As we have previously discussed, after the failure of Silicon Valley Bank (“SVB”), the FDIC is operating the Silicon Valley Bridge Bank, N.A. (“Bridge Bank”) in many ways as if it’s business as usual to help preserve as much value as it can for the resolution of SVB. Given the speed of SVB’s failure, the FDIC did not have the time it usually does to arrange for the sale of assets and assumption of deposits that you typically see on a Friday evening when a bank is usually closed. Numerous press outlets reported that the FDIC did not obtain adequate bids on the first weekend after the closure of SVB.

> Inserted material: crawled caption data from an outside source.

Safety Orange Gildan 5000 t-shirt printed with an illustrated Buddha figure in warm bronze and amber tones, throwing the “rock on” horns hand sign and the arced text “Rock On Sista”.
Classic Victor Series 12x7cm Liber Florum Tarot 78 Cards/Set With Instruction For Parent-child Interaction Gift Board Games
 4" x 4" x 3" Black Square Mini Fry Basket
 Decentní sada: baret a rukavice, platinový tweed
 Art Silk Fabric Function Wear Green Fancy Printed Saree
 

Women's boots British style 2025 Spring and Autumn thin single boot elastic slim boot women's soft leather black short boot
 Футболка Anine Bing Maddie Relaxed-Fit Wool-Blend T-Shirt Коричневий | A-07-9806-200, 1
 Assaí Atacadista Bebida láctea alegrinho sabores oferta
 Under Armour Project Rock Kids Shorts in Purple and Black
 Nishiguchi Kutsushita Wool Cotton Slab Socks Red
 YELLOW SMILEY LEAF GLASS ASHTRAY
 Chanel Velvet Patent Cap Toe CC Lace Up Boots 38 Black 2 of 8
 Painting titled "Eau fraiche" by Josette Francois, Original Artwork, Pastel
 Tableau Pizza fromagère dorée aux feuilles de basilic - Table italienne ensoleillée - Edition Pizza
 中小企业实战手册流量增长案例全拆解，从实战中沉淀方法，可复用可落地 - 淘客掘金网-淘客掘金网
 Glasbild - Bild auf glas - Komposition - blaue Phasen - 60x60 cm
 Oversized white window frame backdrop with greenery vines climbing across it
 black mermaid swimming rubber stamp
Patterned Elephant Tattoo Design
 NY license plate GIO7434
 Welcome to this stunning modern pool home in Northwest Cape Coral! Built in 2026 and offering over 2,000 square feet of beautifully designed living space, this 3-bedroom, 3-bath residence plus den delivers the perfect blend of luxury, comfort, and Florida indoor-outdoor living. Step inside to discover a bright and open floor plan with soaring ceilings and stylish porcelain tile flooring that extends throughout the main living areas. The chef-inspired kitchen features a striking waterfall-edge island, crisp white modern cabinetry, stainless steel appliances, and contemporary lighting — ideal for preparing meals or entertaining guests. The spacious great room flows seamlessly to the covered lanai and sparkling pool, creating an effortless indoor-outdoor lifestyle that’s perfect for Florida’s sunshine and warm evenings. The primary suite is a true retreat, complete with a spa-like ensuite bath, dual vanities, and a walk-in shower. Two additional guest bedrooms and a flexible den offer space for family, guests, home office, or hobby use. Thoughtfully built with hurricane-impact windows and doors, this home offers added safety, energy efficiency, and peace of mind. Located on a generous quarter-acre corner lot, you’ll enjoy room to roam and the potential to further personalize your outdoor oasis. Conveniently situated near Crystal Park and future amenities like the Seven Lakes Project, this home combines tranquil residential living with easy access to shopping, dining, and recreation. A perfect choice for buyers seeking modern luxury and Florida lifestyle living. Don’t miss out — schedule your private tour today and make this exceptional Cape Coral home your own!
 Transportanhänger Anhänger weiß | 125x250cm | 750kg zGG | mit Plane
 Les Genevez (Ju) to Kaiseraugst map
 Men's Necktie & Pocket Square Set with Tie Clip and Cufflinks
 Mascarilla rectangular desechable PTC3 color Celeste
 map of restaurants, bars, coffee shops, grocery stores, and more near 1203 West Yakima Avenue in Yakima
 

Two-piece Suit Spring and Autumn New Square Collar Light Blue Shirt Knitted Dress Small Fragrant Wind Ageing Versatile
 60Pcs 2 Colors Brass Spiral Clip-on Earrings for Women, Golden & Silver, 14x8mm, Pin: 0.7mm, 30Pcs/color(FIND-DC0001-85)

This past Monday, the FDIC announced that it was extending the bid window for the Bridge Bank. Rather than just accepting bids for all or substantially all of the Bridge Bank, “the FDIC will allow parties to submit separate bids for [the Bridge Bank] and its subsidiary Silicon Valley Private Bank.” The FDIC also noted that “[b]ank and non-bank financial firms will be permitted to bid on the asset portfolios.” Bids for the private bank sub were due Wednesday night, and bids for the Bridge Bank are due tomorrow (Friday, March 24) by 8:00 p.m. EDT.
The extension of the bid window suggests that the FDIC has not found a solution that it deems adequate. It also suggests that while the FDIC’s hope may have initially been to have a whole-bank purchase, the FDIC may be coming to a realization that selling the Bridge Bank in pieces may bring more value to the resolution of SVB.